Flicking up lazy fingers to point out features of the drawings under discussion, Alec gave a lazy shrug. "Do I ever mean anything?" For a brief second, his green eyes flickered. "James, James, James. While you might be skilled enough for the usual chitchat, you would never be able to pass for a true connoisseur. Look at the shadings. It's obvious the artist was in love."

"With the sister?" James raised a brow and tapped a nail on the plaque. "He married her, it seems."

"And with her brother." The other man glanced back at James, wolfish smile eerily alike to the portrait's. "See how Fronsac doesn't try to soften the demon and the angel in his subjects?
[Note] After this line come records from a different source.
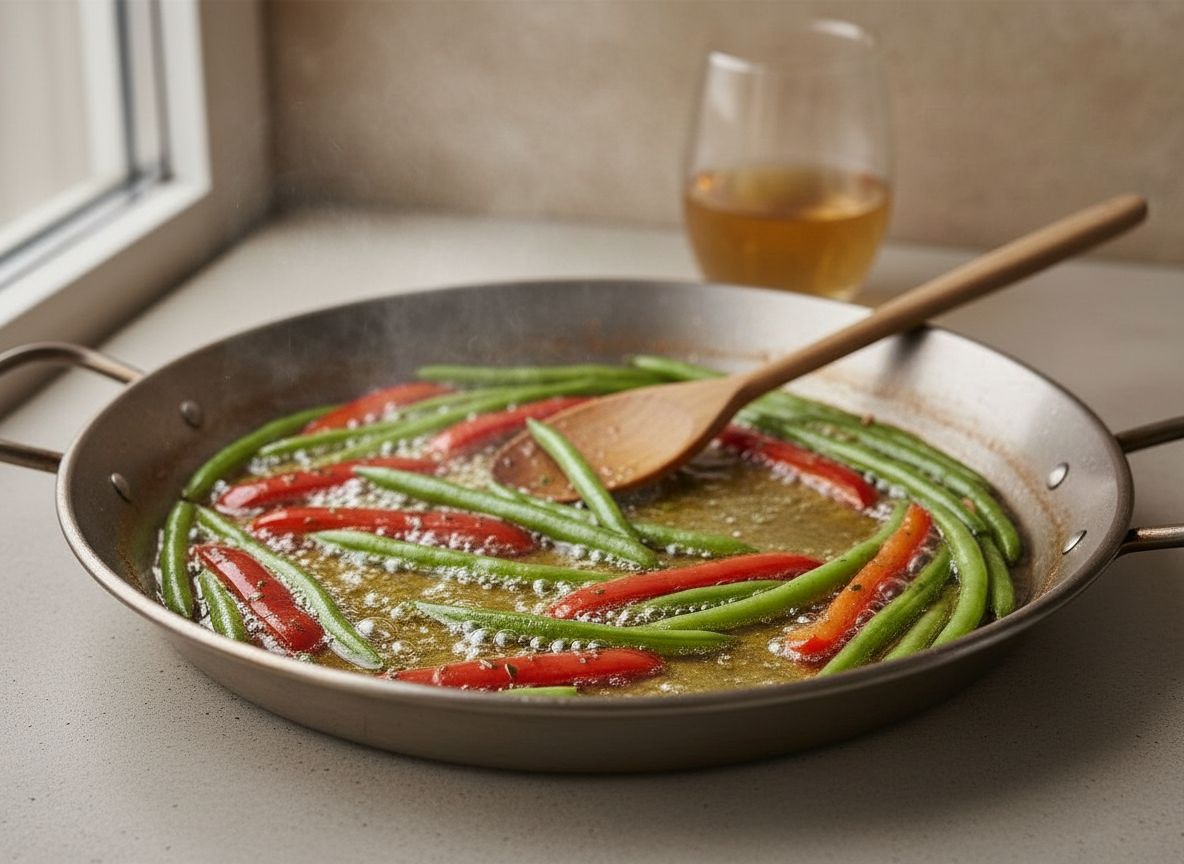 Judía plana verde intenso y tiras de pimiento rojo salteándose junto a las anillas de calamar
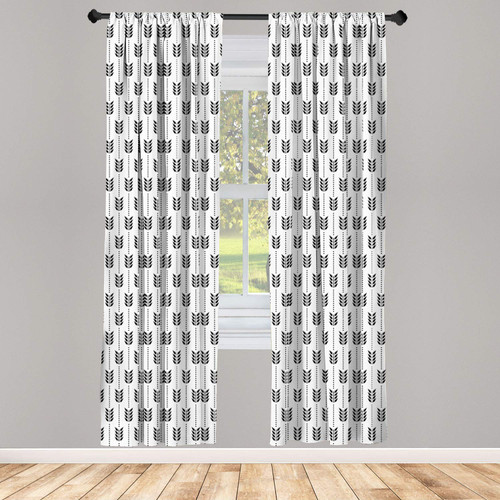 Ambesonne Black and White Window Curtains, Geometric Composition with Dots and Foliage Leaves Monochrome Design, Lightweight Decor 2-Panel Set with Rod Pocket, Pair of - 28" x 95", White and Black Ambesonne Black and White Window Curtains, Geometric Composition with Dots and Foliage Leaves Monochrome Design, Lightweight Decor 2-Panel Set with Rod Pocket, Pair of - 28" x 95", White and Black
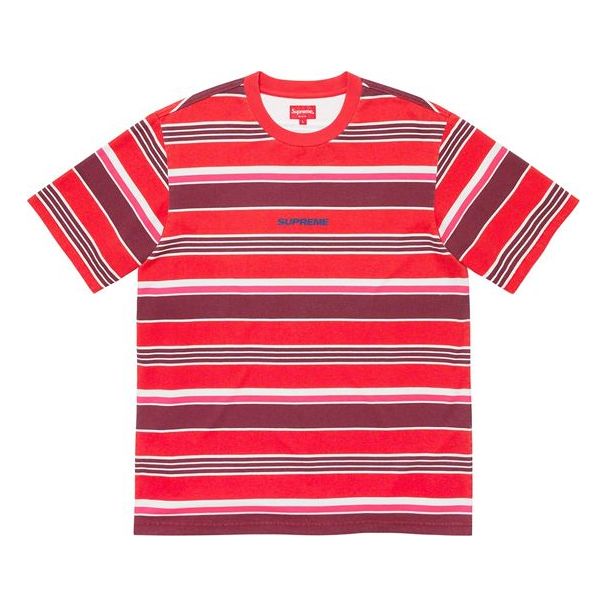 Supreme FW19 Week 1 Stripe S/S Top Short Sleeve Unisex Red SUP-FW19-207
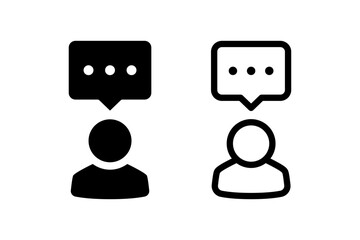 Message user icon vector set. Profile avatar symbol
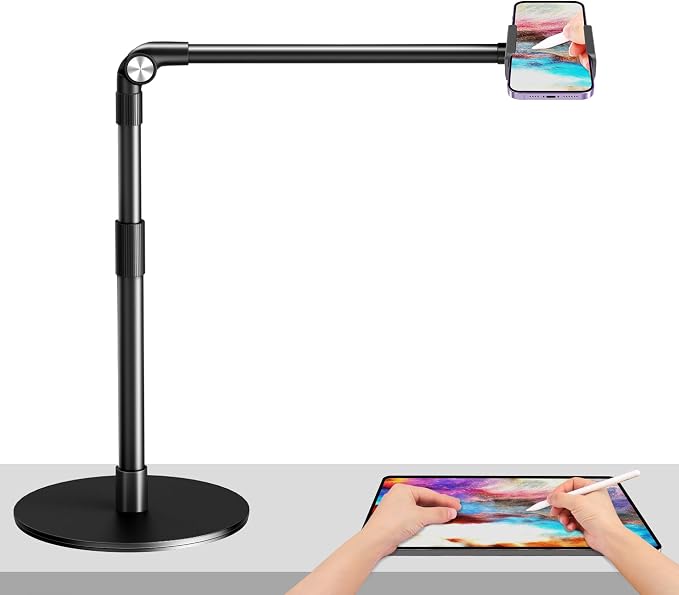 elitehood Heavy Duty Aluminum Overhead Phone Stand, 15 in Long Arm iPhone Holder by Builtyourelitelive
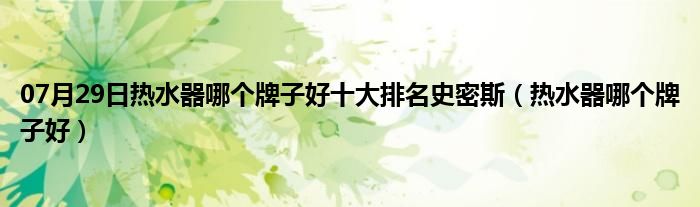 07月29日热水器哪个牌子好十大排名史密斯（热水器哪个牌子好）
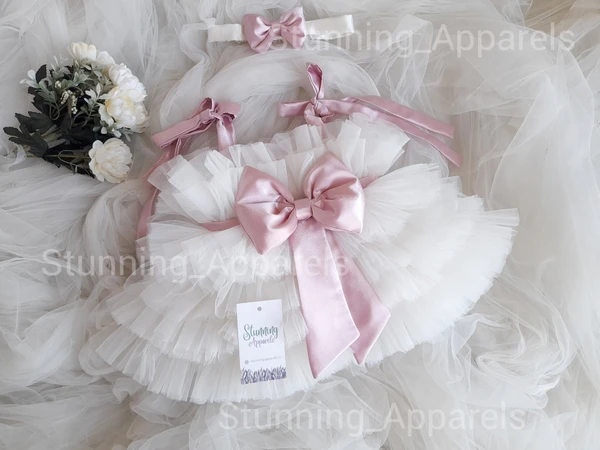 Peach Satin Strapped  White Layered Frock  - 0-3 Months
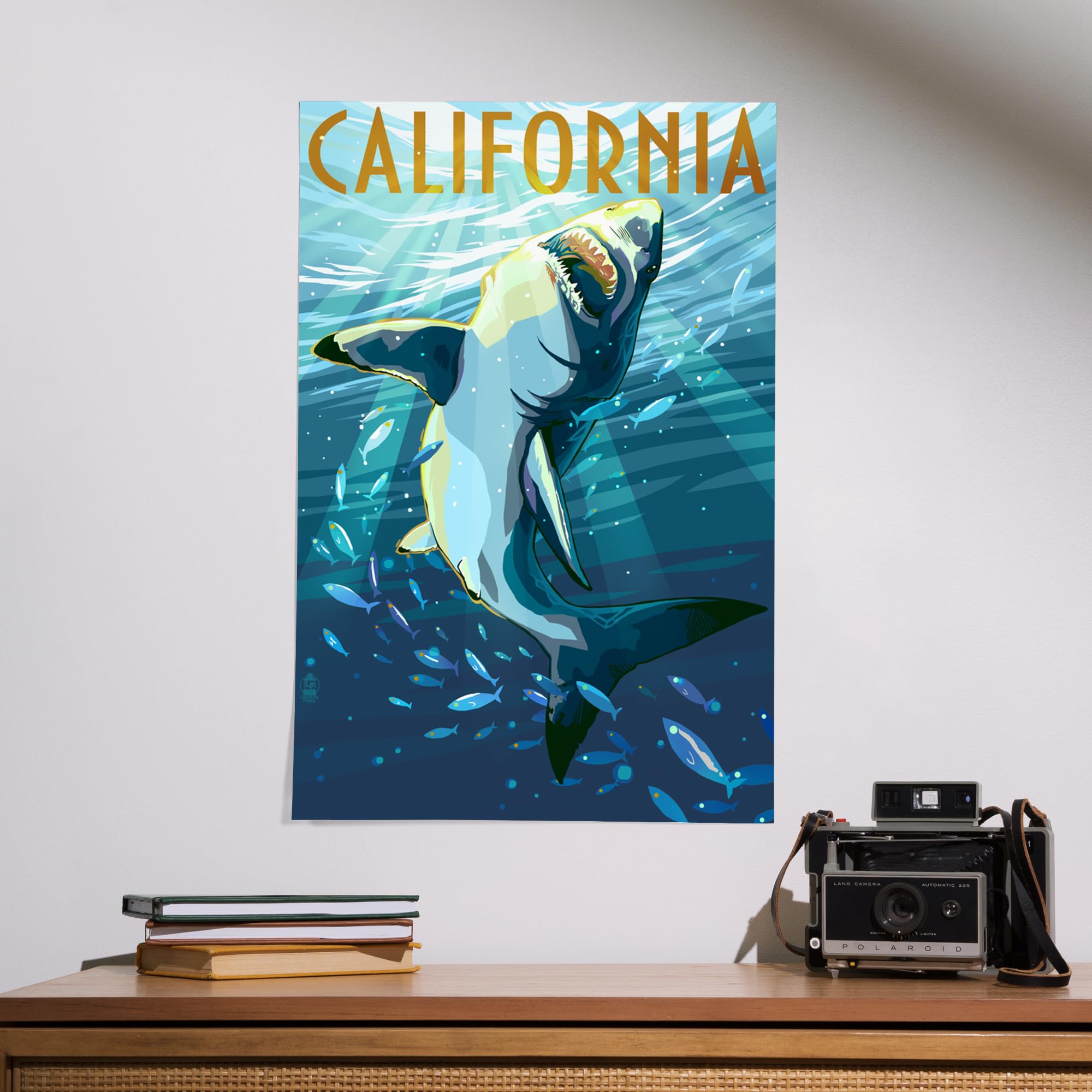 Lantern Press 16x24 Inch Giclee Art Print - California Stylized Sharks Wall Decor - Perfect for Living Room, Bedroom & Office Wall Art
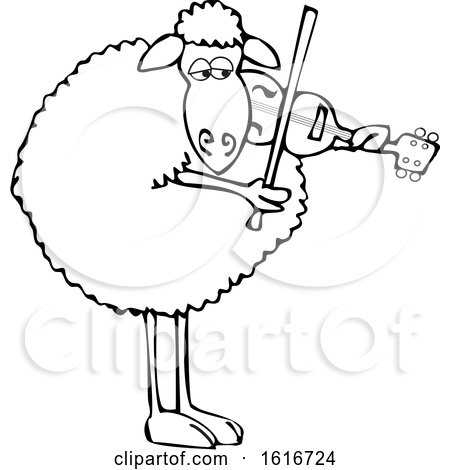 Clipart of a Cartoon Lineart Sheep Playing a Violin - Royalty Free Vector Illustration by djart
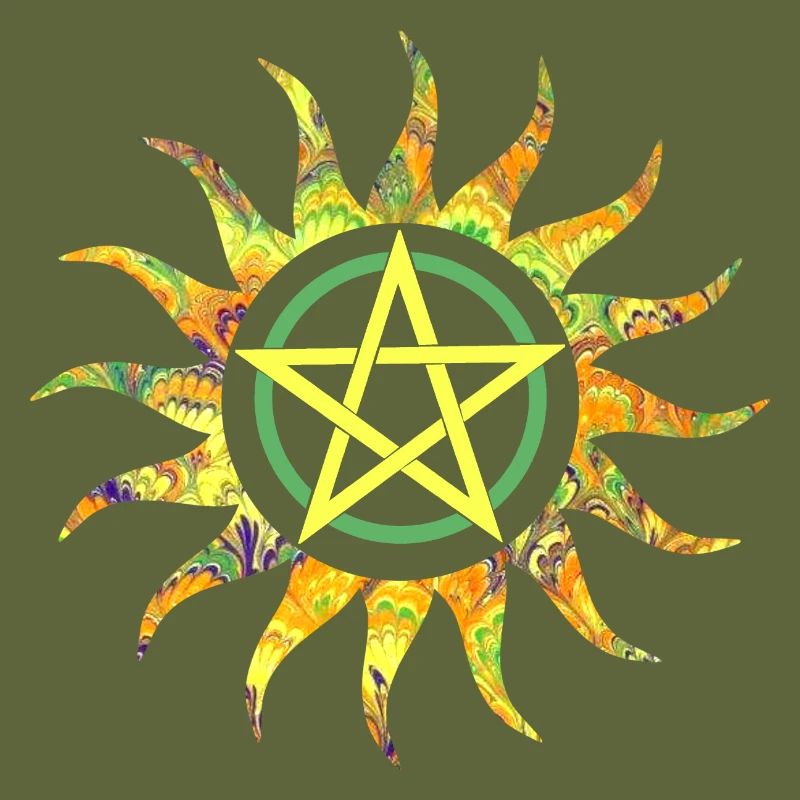 pentagram in sun e 258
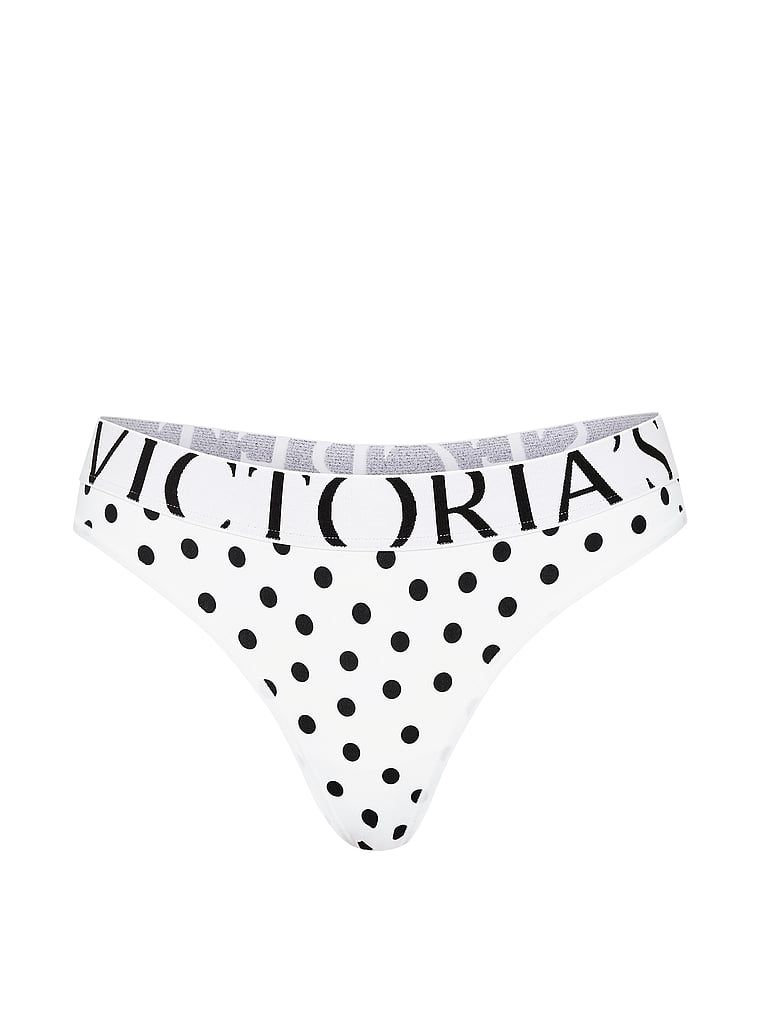 Tanga s logem Cool. Produkt je vzorovaný a pochází z kolekce Victoria's Secret.
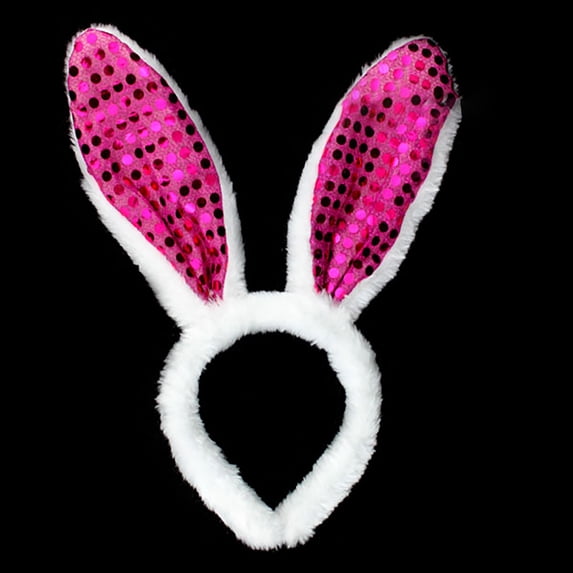 Gymayou Sequin Bunny Ears Headbands Rabbit Ears Headband Easter Bunny Headband for Women Party Costume Hot Pink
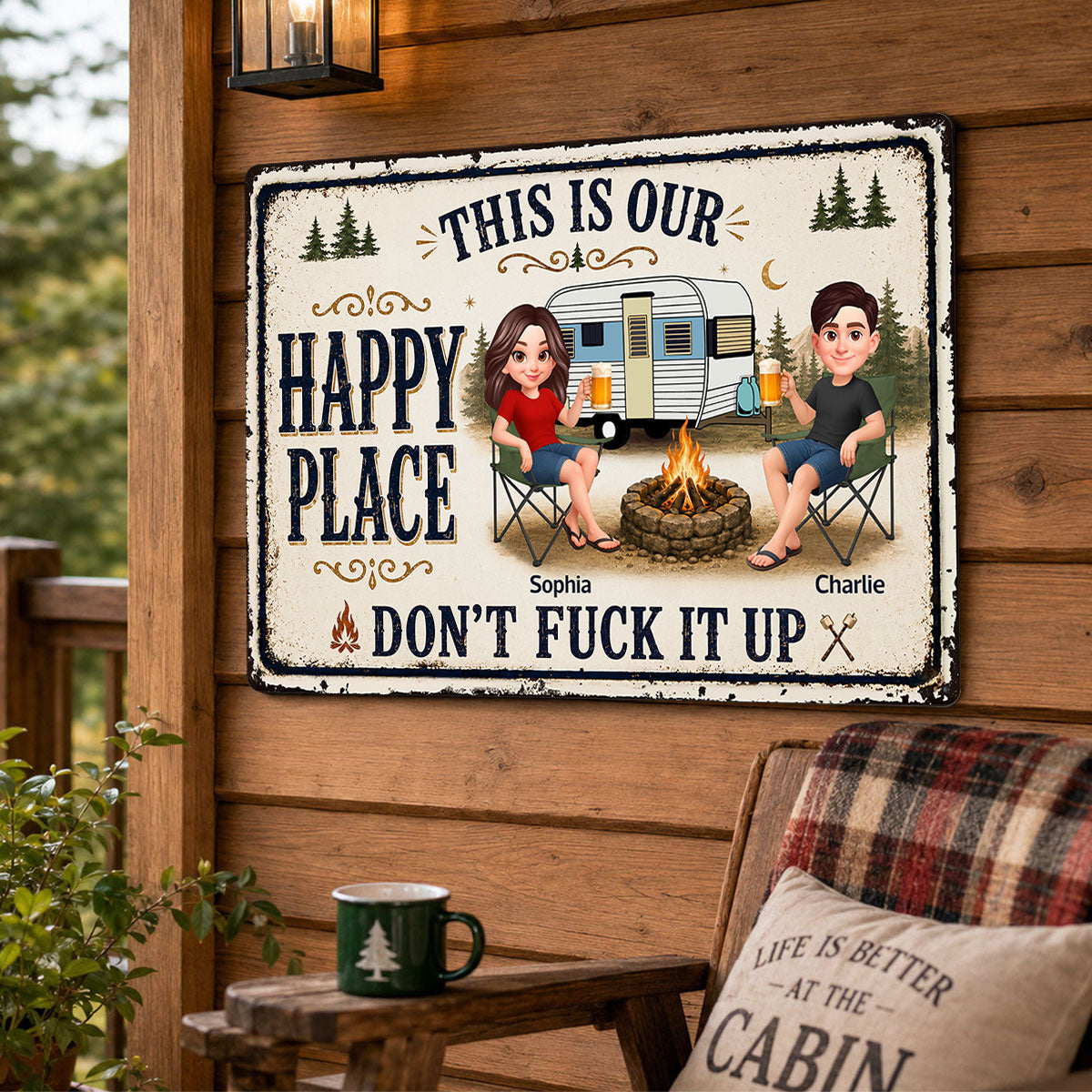 This Is Our Happy Place Camping Couple - Personalized Metal Sign - Funny Sarcasm Decoration For Campsite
That, my brother-in-arms, is love."

"And here I always thought love was blind," James quipped, shaking off his slight unease. He checked his watch. "Damn. We're late."

"We're always late. It's expected of us, and if we ever showed up early, M would most likely have a heart attack." But Alec nevertheless began to step away from the sketches. "I hope you were paying attention, James. Today was a very important lesson in art appreciation."

"Always stand behind you?" Under the pretense of twitching a wrinkle from Alec's coat, James managed a whisper-light caress.

"Always look beyond the obvious," Alec snorted, brazenly stealing a cigarette from James' pocket and lighting up as soon as they walked out of the museum. "Love sees all."

"Justice," James idly corrected as he hailed a cab. "You mean justice."

Alec's head tipped up, an oddly solemn expression on his face. "They're the same thing, Bond."

Then the other man smiled carelessly again, spoiling the framing of the moment, and got into the taxi.